Well, one thing we learned pretty quickly is that it’s a much more seasonal business than we anticipated. The biggest retail day of the year, if you want to put it in those terms, is December 25th. A consumer gets a guitar under the Christmas tree, and then goes to their iPhone or their Android to find out where to get lessons. And the intensity of interest in trying to find lessons really sustains through to the end of January, and then subsides in the spring, but starts to pick up again for back-to-school. And then the cycle starts all over again, peaking on December 25th. We’ve only been through one cycle of learning, and the first cycle of Fender Play only included lessons for six-string guitar. As we go through this second cycle, our goals are to significantly increase the user base and to have the user base commit to learning for a longer period.

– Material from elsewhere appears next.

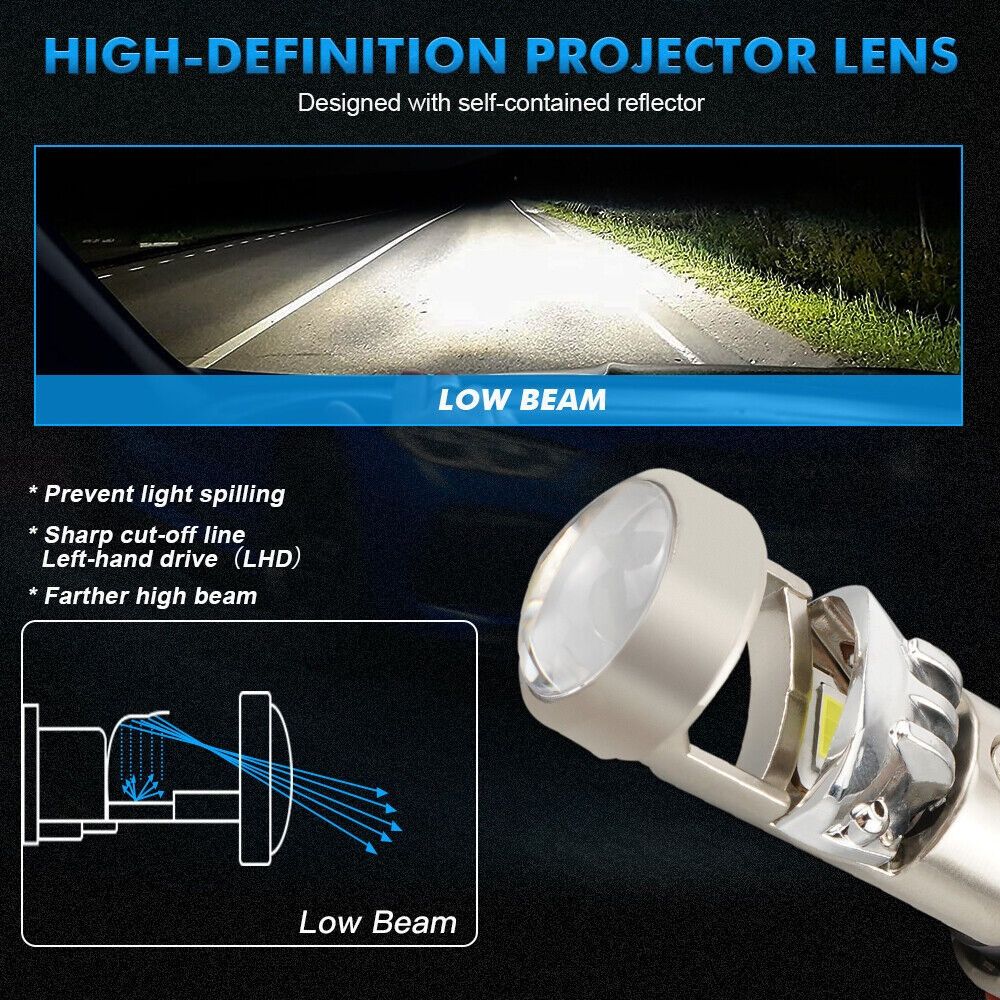 products/1143/led projektori h11.jpg - LED - PROJEKTORI H8-H9-H11 8000LM (LED CHIP UGRADJEN) - Xenon Svetla Beograd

So, for the second cycle, we’ve expanded the product offering to include bass guitar and ukulele. We’ve offered an annual subscription that offers two things: an effective 25-percent reduction in the equivalent monthly subscription cost by moving to annual, and a 10-percent discount on Fender purchases at participating dealers or at fender.com. So, we set this up to get more people, playing longer, buying more product. And the vast majority of our dealers are very excited about the potential of that in Q4. And we’re excited, too.

One element of Fender’s current business model is selling products direct-to-consumer, rather than relying solely on the dealer channel. How is this working in Fender’s favor?

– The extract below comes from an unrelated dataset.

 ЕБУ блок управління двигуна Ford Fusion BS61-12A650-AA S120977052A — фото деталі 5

Well, direct-to-consumer was very controversial, particularly in the US, when we first launched. But, the reality is, it’s only 1.5 percent of our total US revenues. And, of that 1.5 percent, half of the revenues come from our Mod Shop program. And 25 percent comes from left-handed guitars that left-handed players simply can’t find at retail. Another big part is relatively obscure or niche artist models, as well as apparel and accessories that are perhaps not as widely displayed at retail. So, I think dealers have learned over the recent past that we’re really not in conflict with them. And there’s a lot of benefit that comes from fender.com, because, when people search for something that even we don’t have, we’re able to direct them through a “Buy Local” button to dealers that do have the product in stock. So, we are generating through fender.com store traffic and online traffic for our dealer base. We’re not really in conflict with them.

What do you feel the industry can do to create more guitar players? GAMA is listening.

For almost 70 years, the industry has concentrated on one consumer, which is the player who is already committed. That doesn’t generate industry growth, and it’s actually a little bit counterproductive, because then the retailer or the wholesaler just end up fighting for a static market through price reductions. So, you see price compression and market compression. That’s not positive.

I’m not saying we shouldn’t focus on committed players, but we need to be equally focused on bringing new players into the market and getting those players to commit for life. I would encourage retailers to make a commitment to new players. Make the physical, in-store environment inviting for new players…make it inviting for women, who are fueling a lot of the new purchases in the market. And mimic that on your website presentations. It’s about new players in general, and it’s about new female players in particular. That, for me, is the missing link in terms of the real opportunity that I think exists in the marketplace today.